El cielo había empezado a clarear desde hacía ya un rato pero no por esperado dejó de ser sorprendente. Primero fue un puntito brillante en el horizonte, después una especie de lámina que fue creciendo hasta formar un círculo completo. El Sol apareció e iluminó la vastedad del desierto.
Viajábamos hacía Abu Simbel, en Egipto, cerca ya de la frontera con Sudán, circulando rumbo sur por una carretera no muy concurrida; tan sólo nuestra pequeña caravana de autobuses llenos de turistas. No quedaba mucho para llegar a los impresionantes templos que Ramsés II construyera junto al Nilo, en aquel extremo del imperio, para su propia gloria y la de la reina Nefertari.

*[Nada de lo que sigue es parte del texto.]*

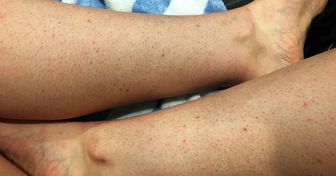 Was verursacht Erdbeerbeine und wie man sie loswird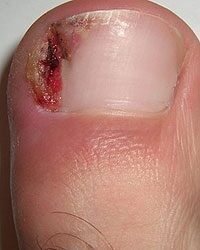 a körmök kezelése a lábakon a lábakon zokni körömgomba kezelésére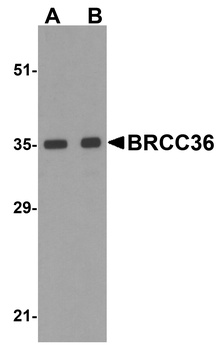 BRCC36 Antibody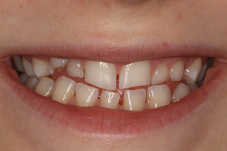 November 2017 dental implant patient front closeup before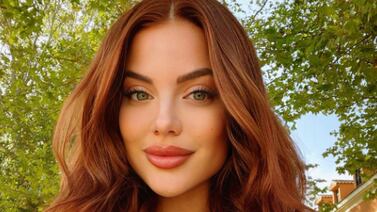 Laura Ortega pide con urgencia donadores de sangre para un ser muy especial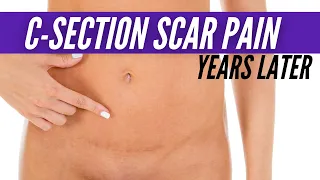C Section Scar Pain Years Later | HOW C-SECTION SCAR MASSAGE CAN HELP + HOW TO DO IT
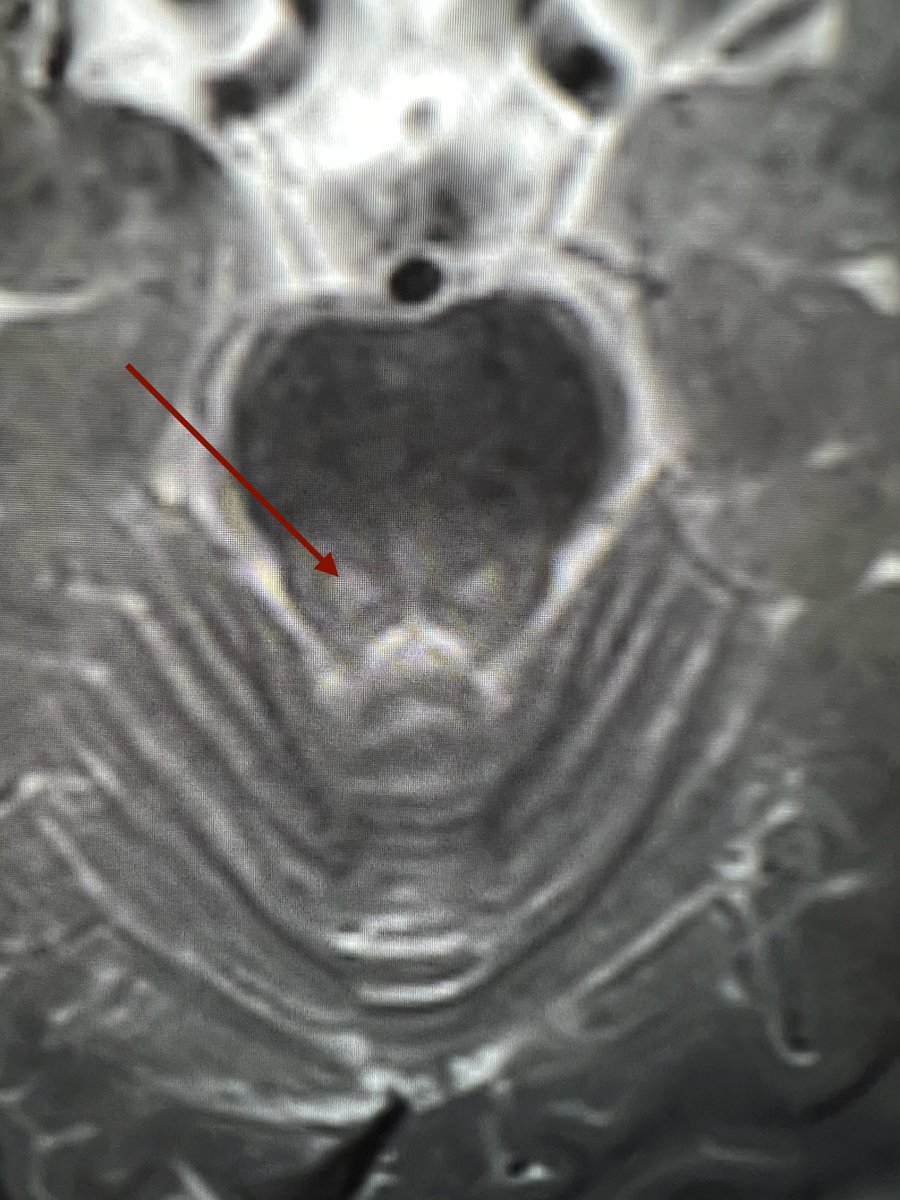 Tip of the day 💡: Central Tegmental Tracts these are, and they are abnormally bright in this 4 year old. Mostly non-specific as a finding, but can be seen in an ever increasing list of conditions. This child only had headaches. Would you screen more or draw the line?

Habíamos salido de madrugada y durante varias horas nos movimos envueltos en una oscuridad casi absoluta, como si atravesáramos un túnel larguísimo. Por fin, cuando aparecieron las primeras luces, pudimos contemplar plenamente el desierto. Una extensión, que parecía infinita, de kilómetros de arena y de unas curiosas formaciones rocosas en las que imaginábamos ver milenarias pirámides desmoronadas.
Yo trataba de disfrutar y de no perder detalle del paisaje, a pesar de que comenzaba a sentir un ligero dolor de cabeza, producto seguramente del cansancio acumulado tras varios días de viaje y de las pocas horas de sueño, provocadas a su vez por los insistentes ronquidos de mi compañero de habitación.

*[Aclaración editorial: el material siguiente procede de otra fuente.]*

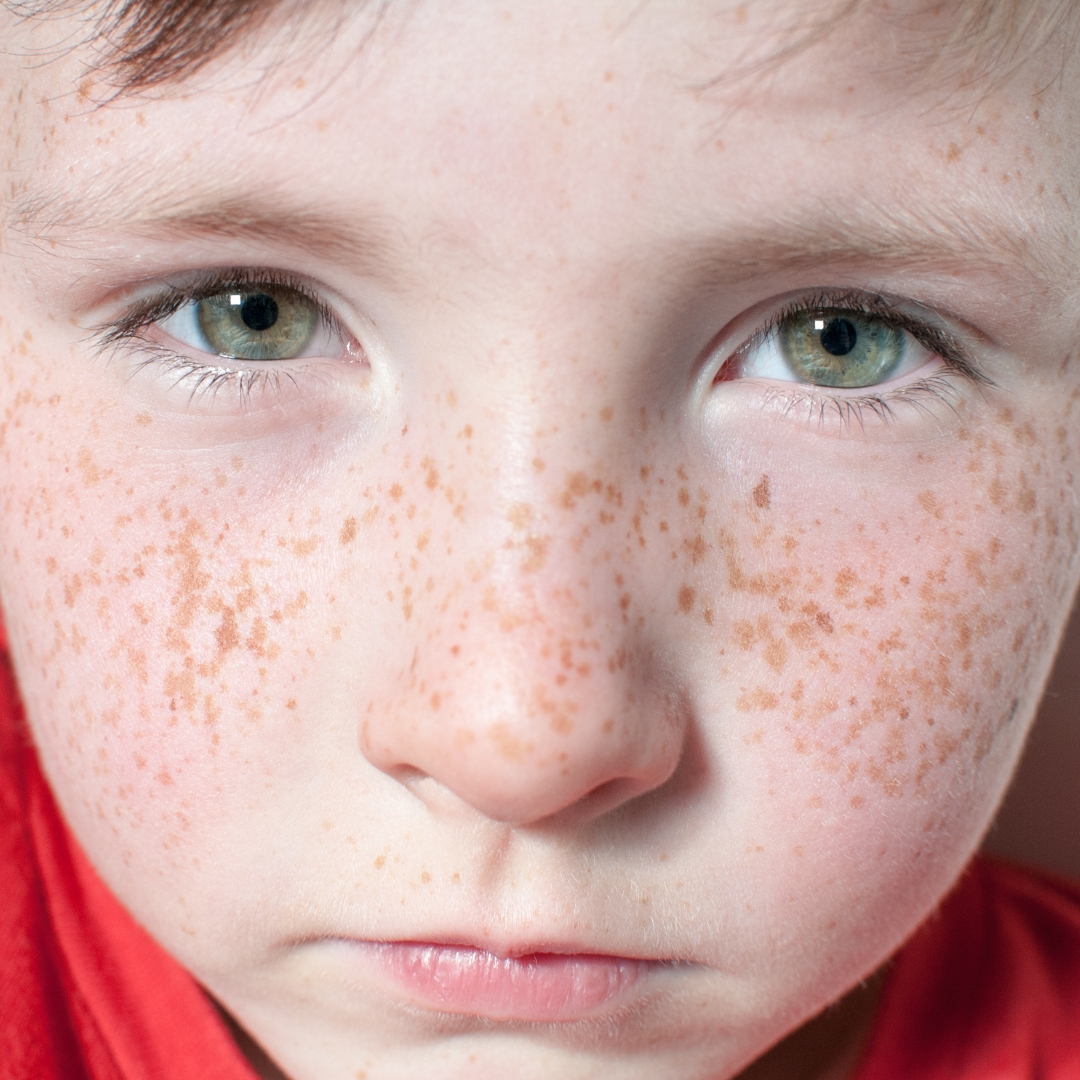 Shallow epidermal freckles clearance with advanced picosecond acoustic technology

Y entonces amaneció. El Sol ascendió del horizonte, a nuestra izquierda, un círculo perfecto de luz que, en esos primeros instantes y gracias a la bruma, podíamos observar sin peligro para la vista. Por su posición, parecía inmenso e imponente.
En ese momento comprendimos por qué nuestra estrella fue reverenciada por los egipcios, y por otras muchas culturas, como un dios. Aparecía de pronto de la nada, para acabar con el frío, con las sombras y los temores que infundía la noche. No permitía que se le dirigiera directamente la mirada, pero a cambio él daba vida a la tierra.
En aquel viaje pudimos visitar muchas de las maravillas del Antiguo Egipto: las gigantescas columnas del templo de Karnak, el interior de las pirámides en Giza y Dashur, los tesoros de Tutankamón. Pero ni la más espectacular de las obras construidas por el hombre puede alcanzar lo que la Naturaleza consigue sin ningún esfuerzo, de manera sencilla y armoniosa. Como ese amanecer en el desierto que todos desde el autobús observábamos guardando un reverencial silencio y que, por un rato, logró que me olvidara de mi dolor de cabeza.